**The data:**

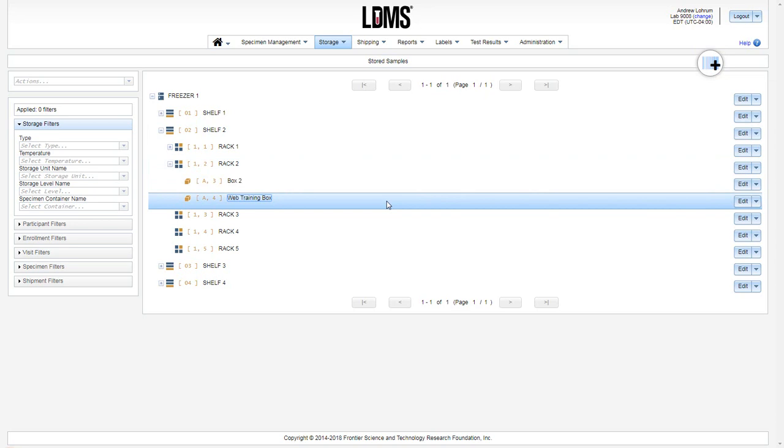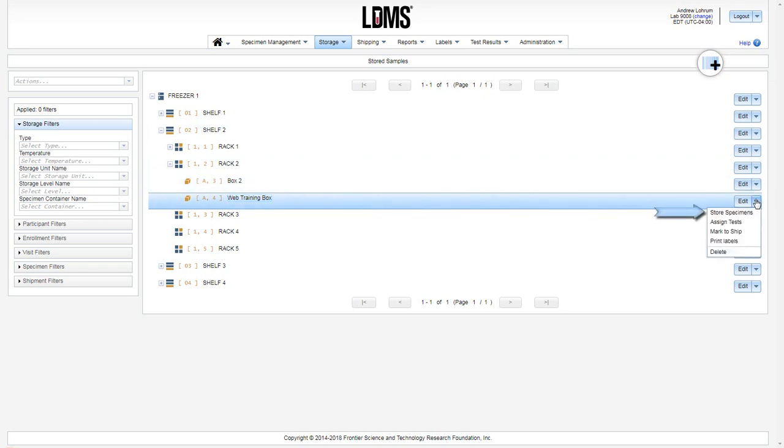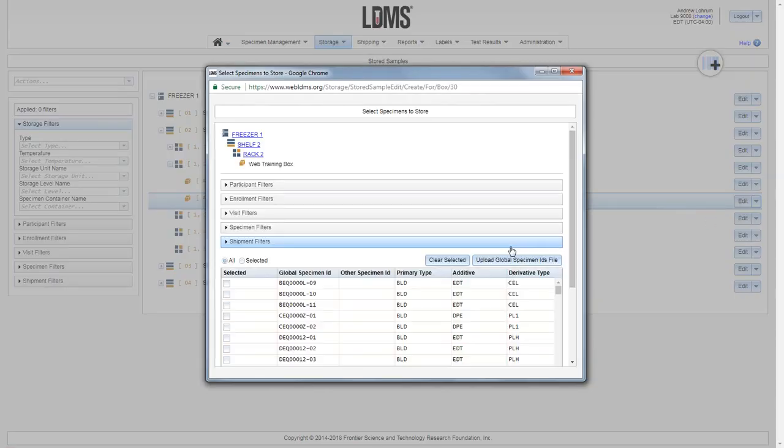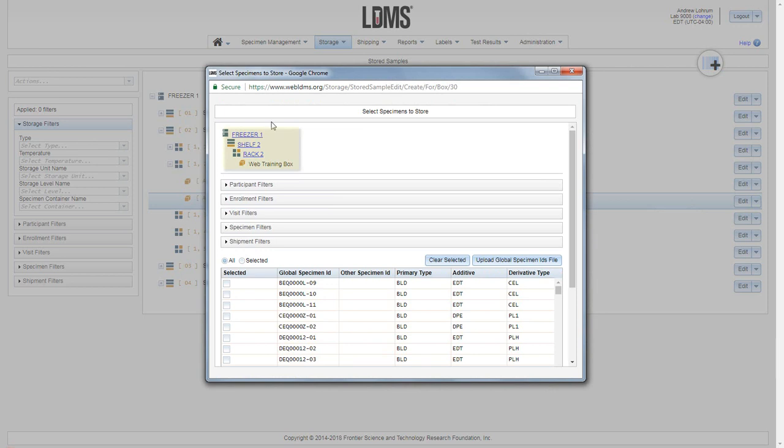There is also a menu option at the container level to store specimens. Select. At the top of the select specimens menu we see the freezer, shelf, rack, and then the container name that we are adding specimens to.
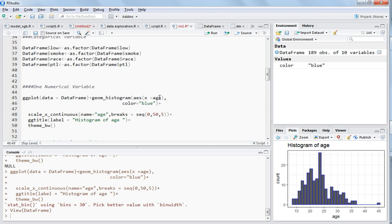You can just write geom underscore and hit Tab to get all the options. Right now I am using one variable which is age, given under aesthetics as x equals age. For the histogram, color you just write 'blue'. The x-axis is continuous, so the scale is chosen as scale_x_continuous. You can also change the y-axis, but right now I am just changing the x-axis. The name of the x-axis I have changed to 'age', and the breaks start from 0 going to 50 with a spacing of 5.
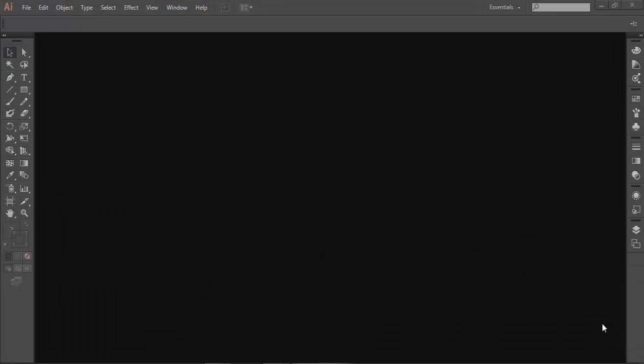Hello everyone! Assalamualaikum! I am Mohamad Khaushar Ahmed. Today I have a new design tutorial on Adobe Illustrator CC. In this video, I will show you the logo design for A2Jet.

**Work request:**
Reproduce each line above exactly, but not a single picture.

**Written solution:**
There is also a menu option at the container level to store specimens. Select. At the top of the select specimens menu we see the freezer, shelf, rack, and then the container name that we are adding specimens to.
You can just write geom underscore and hit Tab to get all the options. Right now I am using one variable which is age, given under aesthetics as x equals age. For the histogram, color you just write 'blue'. The x-axis is continuous, so the scale is chosen as scale_x_continuous. You can also change the y-axis, but right now I am just changing the x-axis. The name of the x-axis I have changed to 'age', and the breaks start from 0 going to 50 with a spacing of 5.
Hello everyone! Assalamualaikum! I am Mohamad Khaushar Ahmed. Today I have a new design tutorial on Adobe Illustrator CC. In this video, I will show you the logo design for A2Jet.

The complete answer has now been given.